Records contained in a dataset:
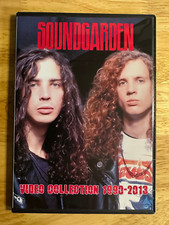 Soundgarden - Video Collection 2013 DVD Live Chris Cornell Kim Thayil picture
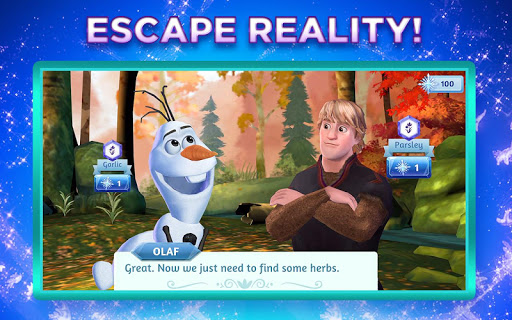 Disney Frozen Adventures: ปรับแต่งราชอาณาจักร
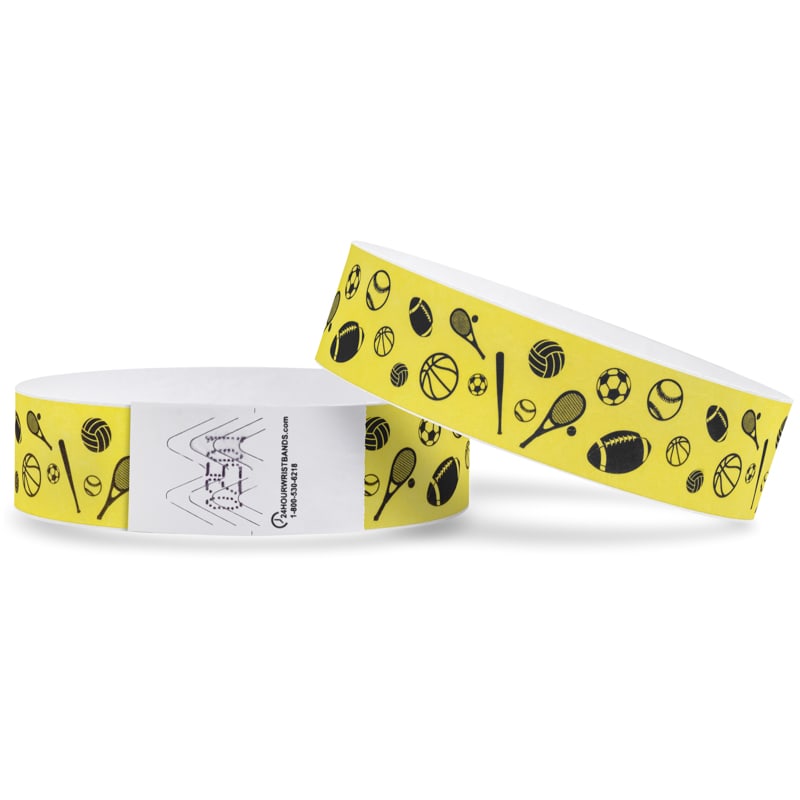 In Stock Tyvek Wristbands 73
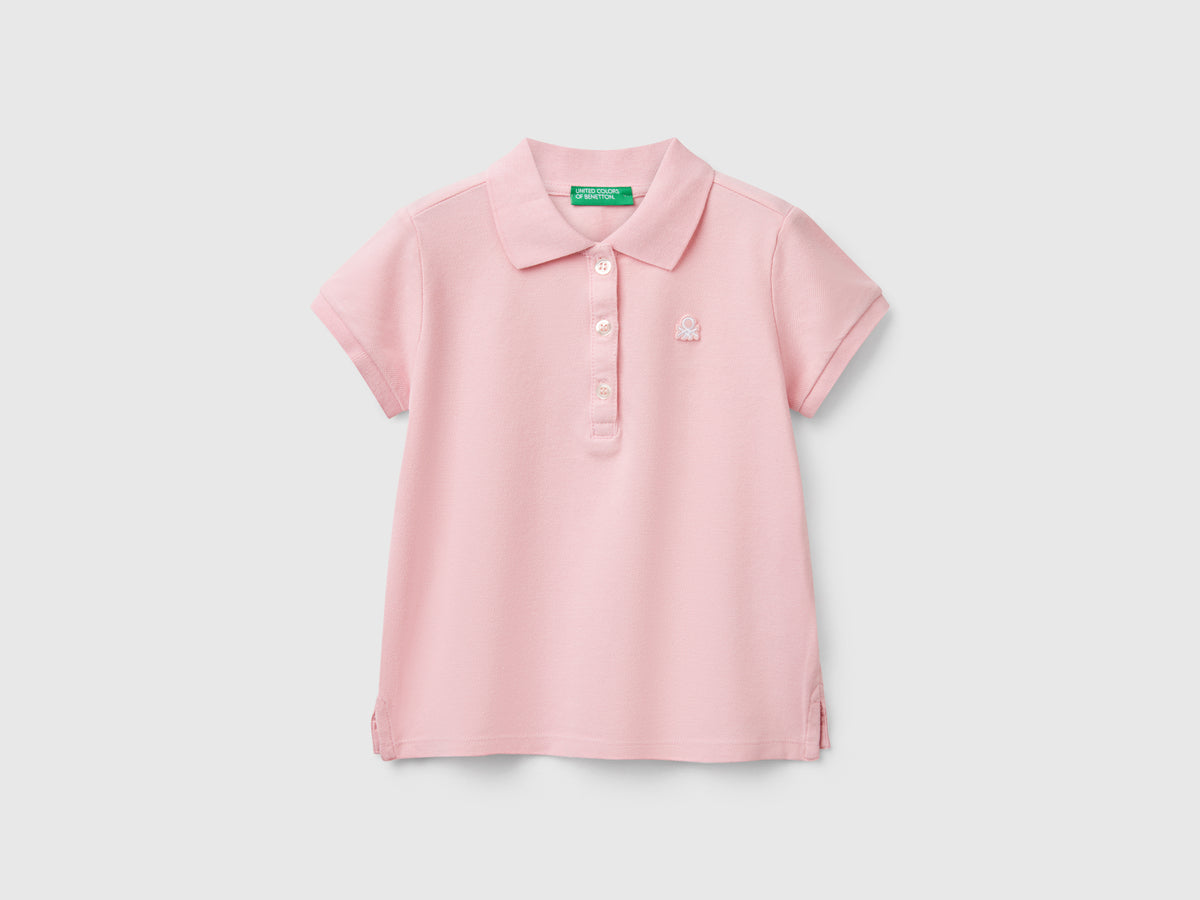 Polo manica corta in cotone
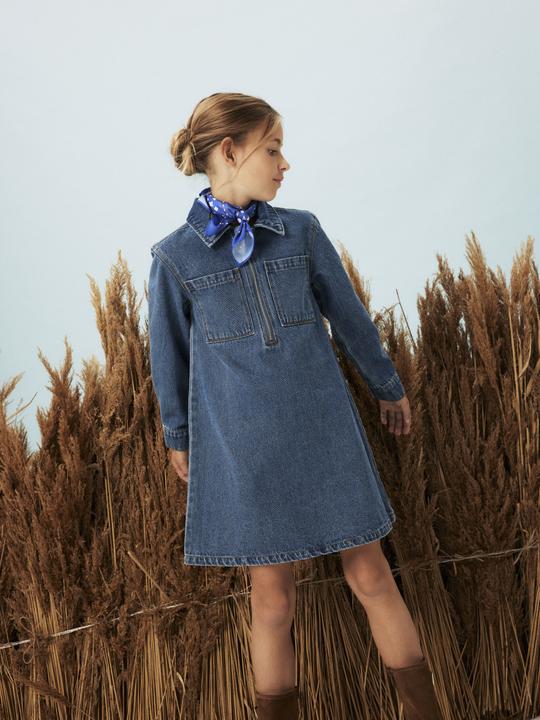Actual product image Name it Denim Kleid (122)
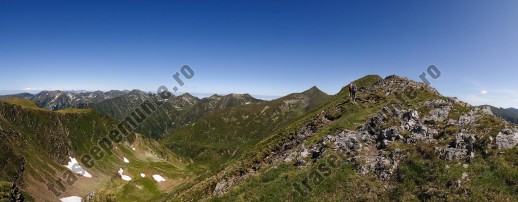 Creasta Muntilor Fagaras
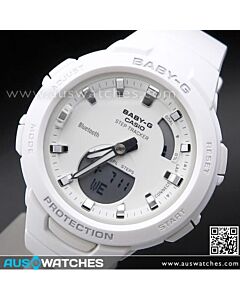 Casio Baby-G G-Squad Bluetooth Step Tracker Watch BSA-B100-7A, BGAB100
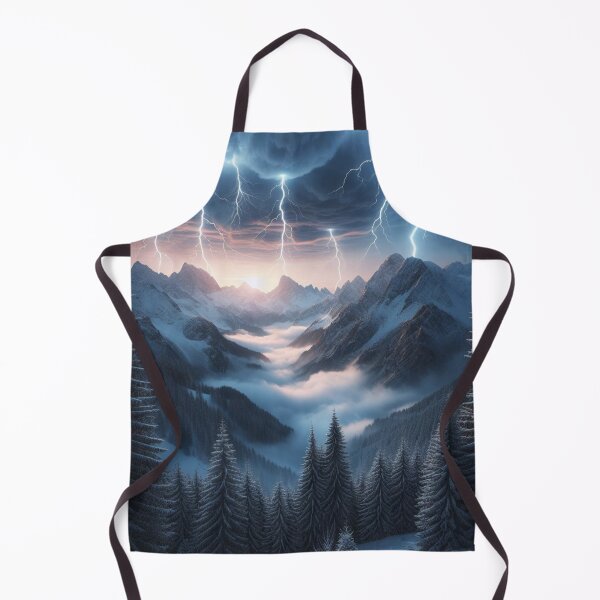 Item preview, Mountain Storm 1 designed and sold by Sybille-Yates.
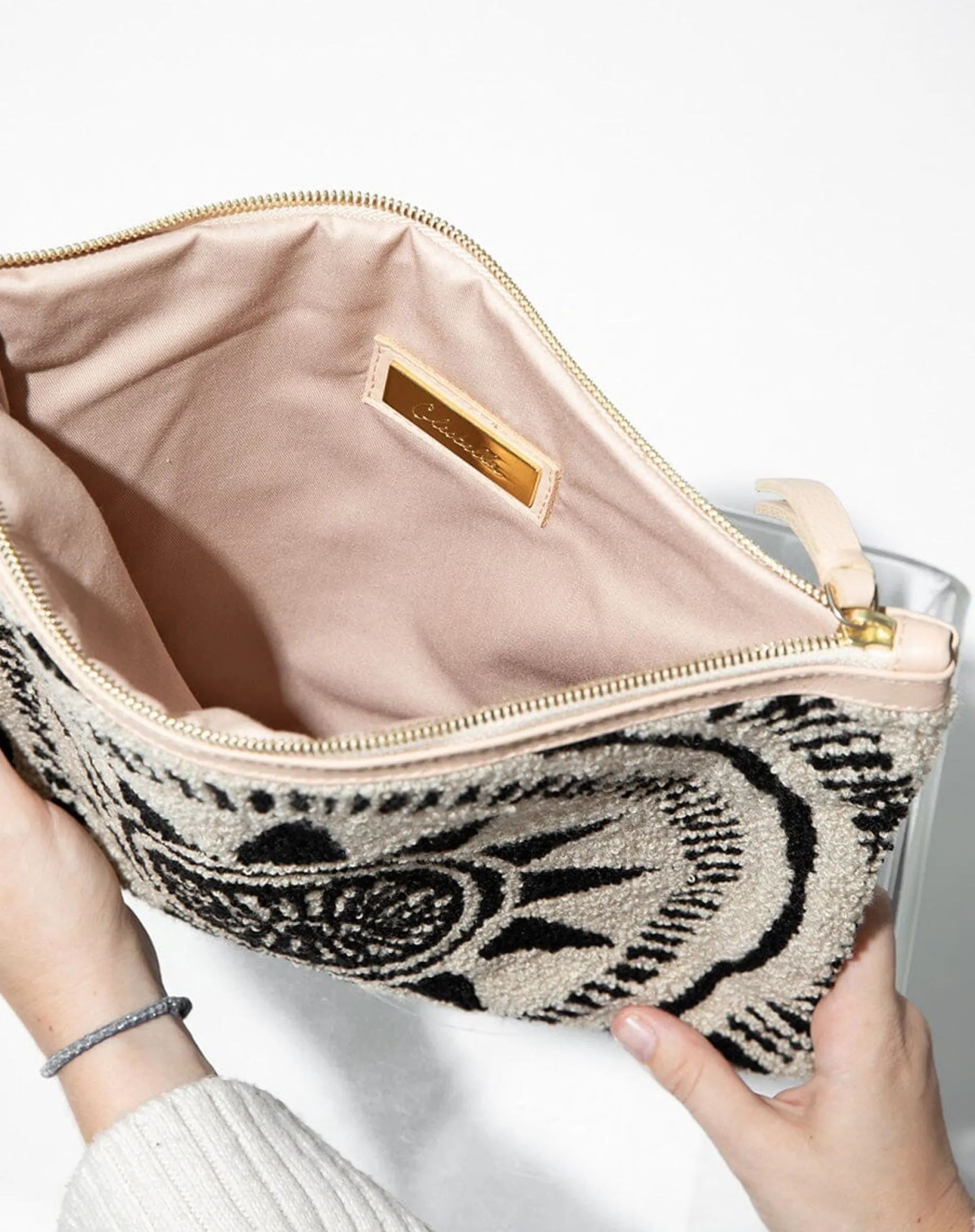 Cleobella Handbags-Clutchseeing Eye Sundial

- _WHAT THE TASK ASKS_: Transcribe all records verbatim and omit each image.

- _EXERCISE ANSWER_:
 Soundgarden - Video Collection 2013 DVD Live Chris Cornell Kim Thayil picture
 Disney Frozen Adventures: ปรับแต่งราชอาณาจักร
 In Stock Tyvek Wristbands 73
 Polo manica corta in cotone
Actual product image Name it Denim Kleid (122)
 Creasta Muntilor Fagaras
 Casio Baby-G G-Squad Bluetooth Step Tracker Watch BSA-B100-7A, BGAB100
 Item preview, Mountain Storm 1 designed and sold by Sybille-Yates.
 Cleobella Handbags-Clutchseeing Eye Sundial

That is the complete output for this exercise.